No respite as inflation crisis grips the West: Experts warn Bank of England could be forced to tip country into recession
The cost of living crisis gripping the West shows few signs of easing as central banks grapple with runaway inflation.
Figures in the US showed inflation was 8.3% in April – slightly down from the 40-year high of 8.5% in March, but still above the predicted 8.1% by the experts.
And in Germany, it hit 7.1% to 7.8%, the highest since the country’s reunification in 1990, as soaring energy and food prices weighed on the economy.
Price crisis: Figures in the US showed inflation was 8.3% in April – slightly down from the 40-year high of 8.5% in March, but still above the 8 .1% predicted by experts
British experts have warned that the Bank of England will likely have to tip Britain into recession to get inflation under control.
A former member of the Bank’s Monetary Policy Committee (MPC) responsible for setting interest rates said rates needed to keep rising over the next few months to bring soaring prices under control.
Increases generally encourage saving rather than spending, which helps keep inflation in check.

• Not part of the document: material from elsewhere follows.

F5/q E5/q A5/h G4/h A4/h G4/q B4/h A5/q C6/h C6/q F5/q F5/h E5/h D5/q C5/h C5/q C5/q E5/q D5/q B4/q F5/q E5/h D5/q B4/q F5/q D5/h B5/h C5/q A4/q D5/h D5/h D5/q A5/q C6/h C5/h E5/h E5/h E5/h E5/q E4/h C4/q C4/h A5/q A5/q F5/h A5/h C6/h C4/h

But they are hampering economic activity, as borrowing is more expensive, and would likely reverse the UK’s Covid recovery.
Adam Posen, of the US-based Peterson Institute for International Economics and a member of the MPC between 2009 and 2012, said the Bank needed to act to prevent higher inflation from integrating into workers’ expectations or else they would haggle for higher salaries.

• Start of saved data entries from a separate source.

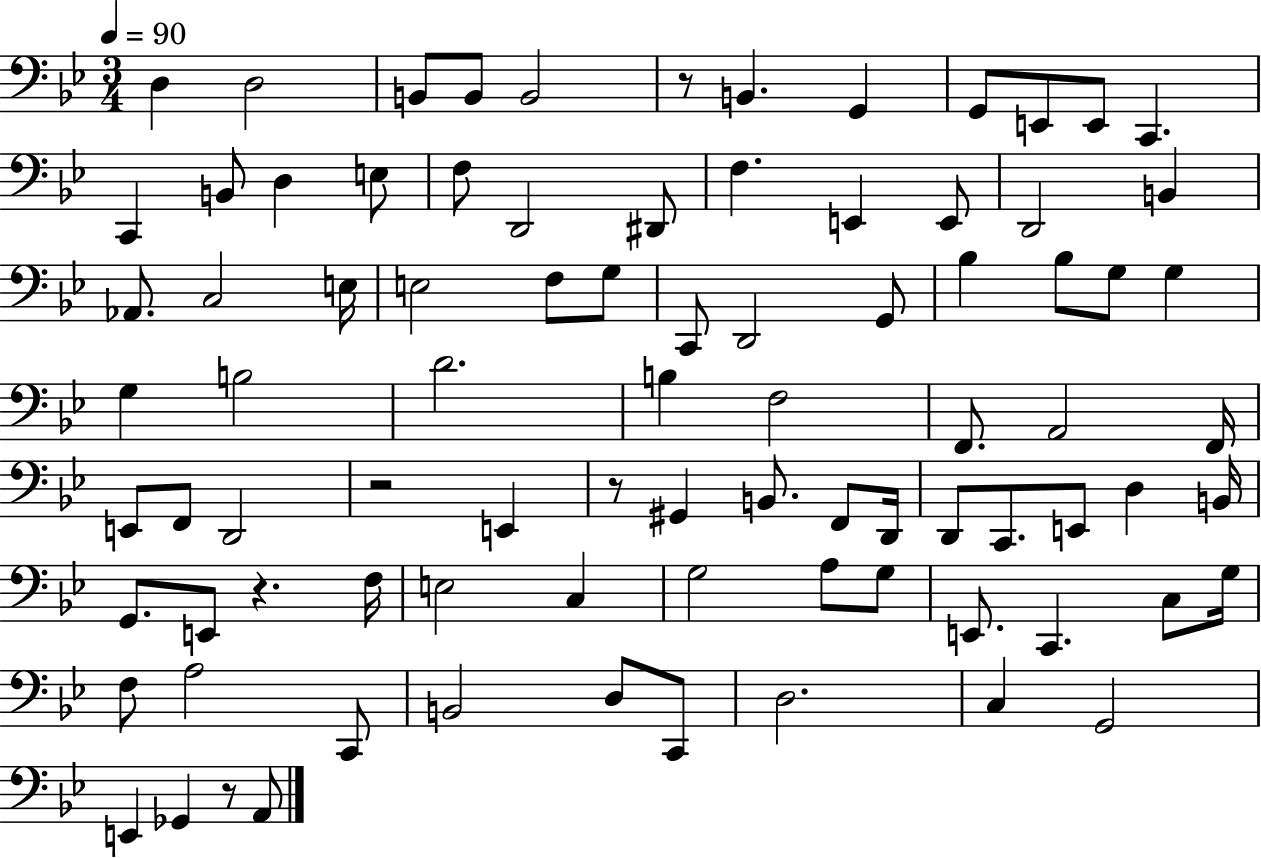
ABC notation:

X:1
T:Untitled
M:3/4
L:1/4
K:Bb
D, D,2 B,,/2 B,,/2 B,,2 z/2 B,, G,, G,,/2 E,,/2 E,,/2 C,, C,, B,,/2 D, E,/2 F,/2 D,,2 ^D,,/2 F, E,, E,,/2 D,,2 B,, _A,,/2 C,2 E,/4 E,2 F,/2 G,/2 C,,/2 D,,2 G,,/2 _B, _B,/2 G,/2 G, G, B,2 D2 B, F,2 F,,/2 A,,2 F,,/4 E,,/2 F,,/2 D,,2 z2 E,, z/2 ^G,, B,,/2 F,,/2 D,,/4 D,,/2 C,,/2 E,,/2 D, B,,/4 G,,/2 E,,/2 z F,/4 E,2 C, G,2 A,/2 G,/2 E,,/2 C,, C,/2 G,/4 F,/2 A,2 C,,/2 B,,2 D,/2 C,,/2 D,2 C, G,,2 E,, _G,, z/2 A,,/2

“It would cause a recession if there were to be another rapid rise in interest rates. I’m not saying it’s good,’ he told the Commons Treasury Committee.
“The sad reality is that there is going to have to be an economic downturn in the UK beyond what is already forecast.”
The Bank of England raised interest rates from 0.1% last December to 1%, and the US Federal Reserve raised its key rate in March and May.
The European Central Bank looks set to join in by ending its money-printing stimulus in the third quarter. He could then raise rates.